[Your assignment]: Answer with a bare number: the count of lines in the data below that contain the word "COWON".

[Provided data]:
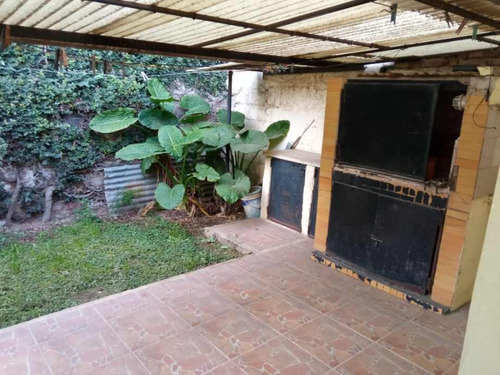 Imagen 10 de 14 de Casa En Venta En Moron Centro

---

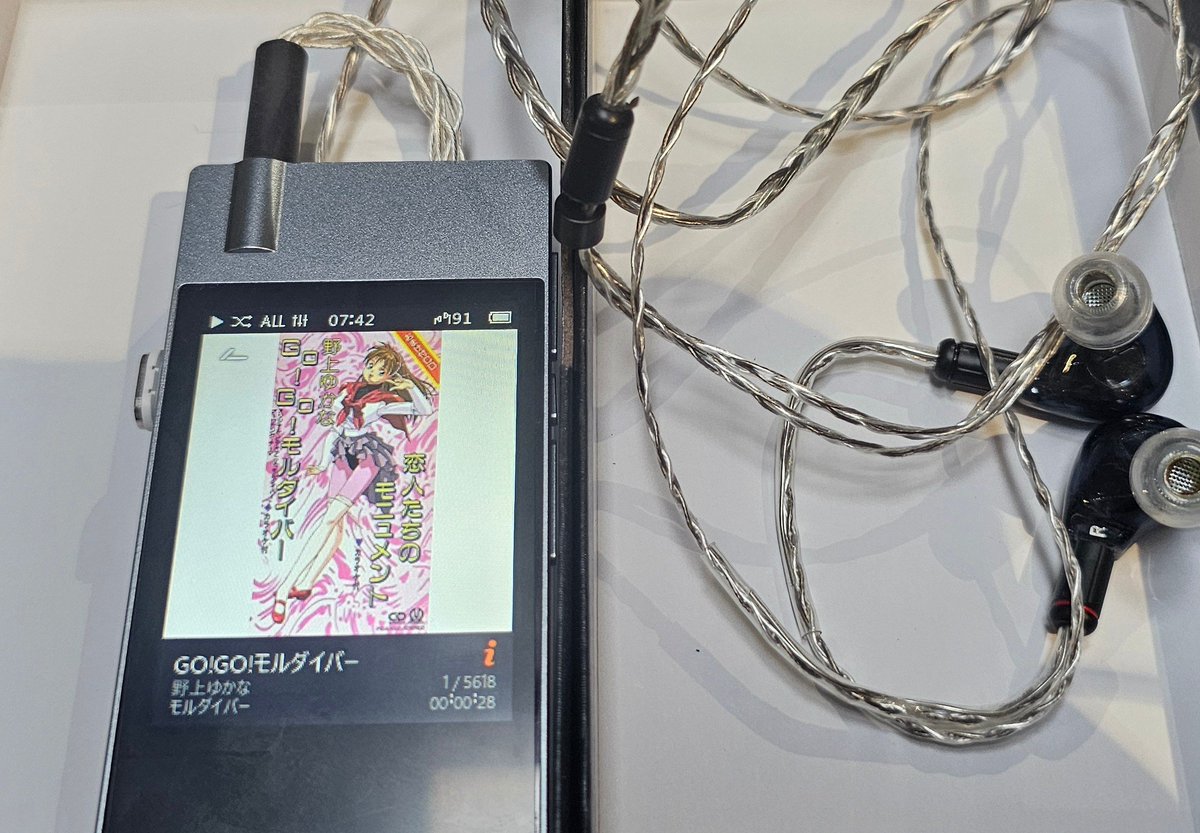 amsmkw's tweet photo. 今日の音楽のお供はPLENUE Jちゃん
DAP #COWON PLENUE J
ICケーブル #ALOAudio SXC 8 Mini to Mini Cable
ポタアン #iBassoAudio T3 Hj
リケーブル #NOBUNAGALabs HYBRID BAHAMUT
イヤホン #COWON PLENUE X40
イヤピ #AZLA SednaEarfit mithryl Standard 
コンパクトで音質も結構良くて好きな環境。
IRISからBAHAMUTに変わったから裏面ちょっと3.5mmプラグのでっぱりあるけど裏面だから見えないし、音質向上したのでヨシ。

...

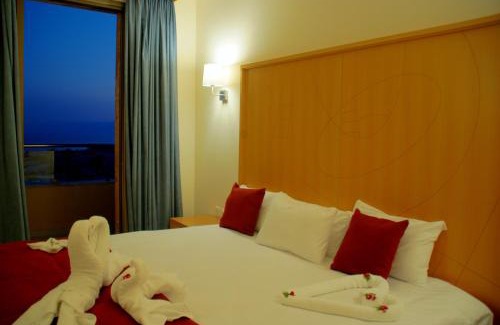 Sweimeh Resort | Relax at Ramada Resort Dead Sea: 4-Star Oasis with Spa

[Result for this task]: 2